« Whispering in distant voices », exposition de Maïder Fortuné jusqu’au 30/04 à la galerie Martine Aboucaya, 5 rue Sainte Anastase, Paris 3e.
« Once, forever » (2008), installation vidéo en forme de relecture de Dorian Gray. © Maïder Fortuné/Martine Aboucaya
< 23'04'08 >
Maïder Fortuné chasse les fantômes

Par ses deux bouts, si l’on peut ainsi qualifier les deux espaces les plus éloignés de l’entrée de la galerie Martine Aboucaya, l’exposition de Maïder Fortuné « brûle la chandelle » du personnage, notion qu’elle cultive avec une intensité mélancolique, qui force et qui retient l’attention.

D’un côté, il y a l’image arrêtée, refilmée et puis projetée de Dorian Gray (celui du film éponyme d’après Oscar Wilde), qui semble sans cesse se nettoyer et, de ce fait, renouveler son ambiguïté à fleur d’image (« Once Forever », 2008). De l’autre côté, dans une salle sombre, apparaissent en gros plan sur un écran des silhouettes, qui, l’une après l’autre, s’enfoncent et disparaissent dans le gris indéterminé du point de fuite. Ces silhouettes, façonnées par l’artiste, découpent à l’écran des personnages célèbres de dessins animés « tradi » (Bugs Bunny ou Mary Poppins par exemple) rendus à leur évocation minimale : celle d’un simple contour « readymade », sans couleurs, sans expression, sans psychologie, traits désormais superflus dans les limbes de la mémoire (« Curtain ! » 2007).

Quels sont les points, dans l’espace ou dans un texte, qui constituent une identité différente d’une autre ? Ainsi s’interroge Maïder Fortuné, jeune artiste (née en 1973), dont c’est ici la première expo personnelle (auparavant repérée là). Des moyens contemporains du « motion capture » (la capture du mouvement des visages par pointes lumineuses) aux répliques prononcées dans le théâtre classique, il s’agit moins de ce qu’on gagne, mais de ce qui se perd, à chaque fois, dans la constitution d’une identité, fût-elle imaginaire. Il s’agit ainsi de mélancolie ou, plus précisément, de ce qu’on entend dans la notion, énoncée par la philosophe américaine Judith Butler d’une « mélancolie de genre » : où ce qui se perd de l’identité ne peut être nommé et ne peut donc pas faire l’objet d’un travail de deuil. Ainsi, la perte inavouable d’un désir homosexuel dans la formation du sujet ; et l’on peut « comprendre tant la “masculinité” que la “féminité” comme étant formés et consolidés à travers des identifications qui relèvent en partie d’un deuil désavoué ».
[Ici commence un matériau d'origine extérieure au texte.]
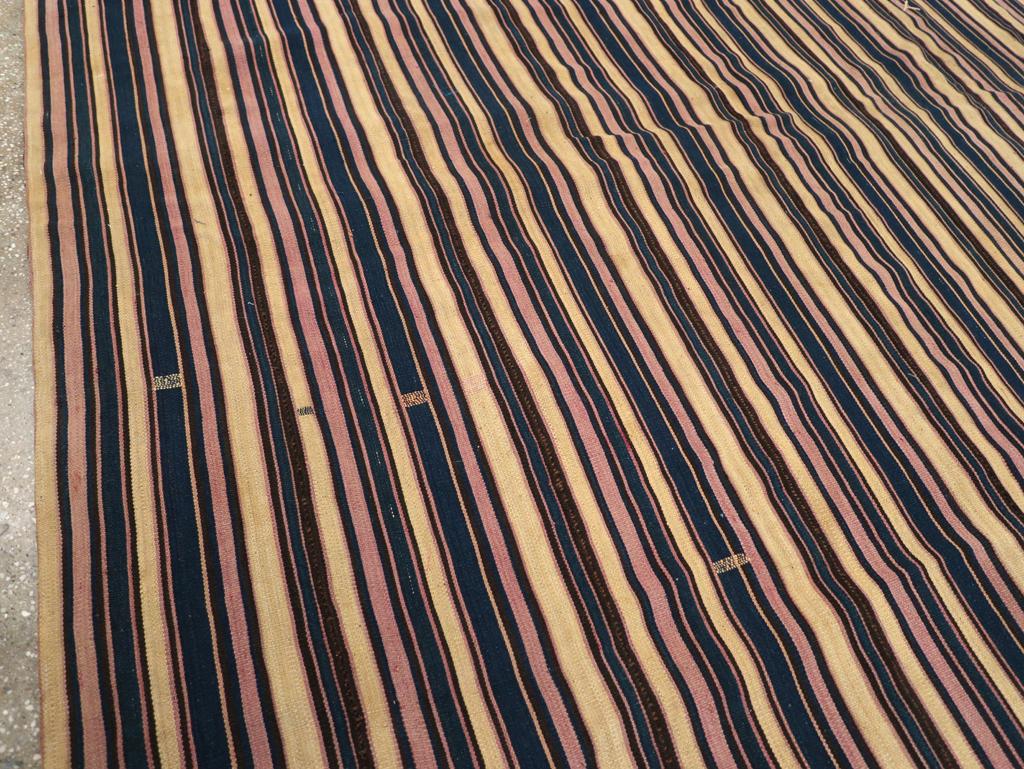 Mitte des 20. Jahrhunderts Persische Flachgewebe Kilim Quadratische Akzentteppich (Kelim) im Angebot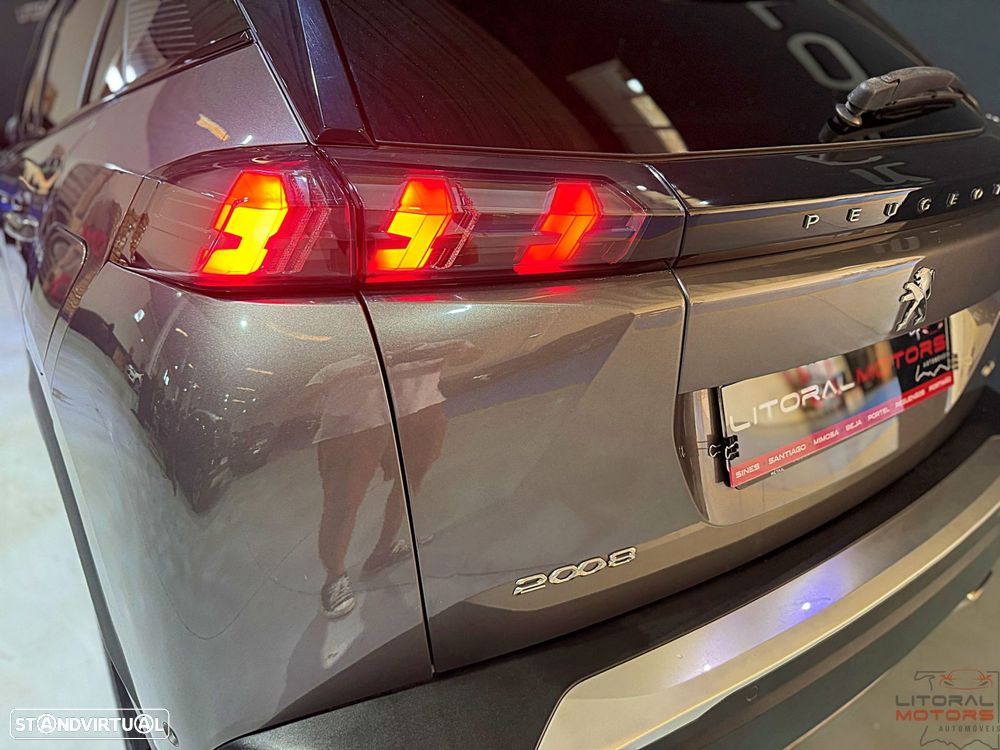 Peugeot 2008 1.2 PureTech GT - 9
Ce n’est pas un hasard si on cite ici Judith Butler, car elle s’est, elle aussi, penchée sur Antigone, personnage féminin, personnage de la rébellion féminine et du trouble dans la parenté, que Maïder Fortuné a inclus dans sa collection de « Characters » (2008) : des caractères sont emmagasinés sous verre, comme du sable dans un sablier, correspondant à l’exact volume de texte dit par un personnage de théâtre. Antigone, le modèle de l’énonciation féminine, celle qui « reprend les mots du pouvoir pour les retourner contre lui », a, constate-t-on ici, bien moins de « caractères » que les personnages masculins, tel Hamlet, qui, lui, remplit plus abondamment sa boîte de verre. On en reste toute attristée.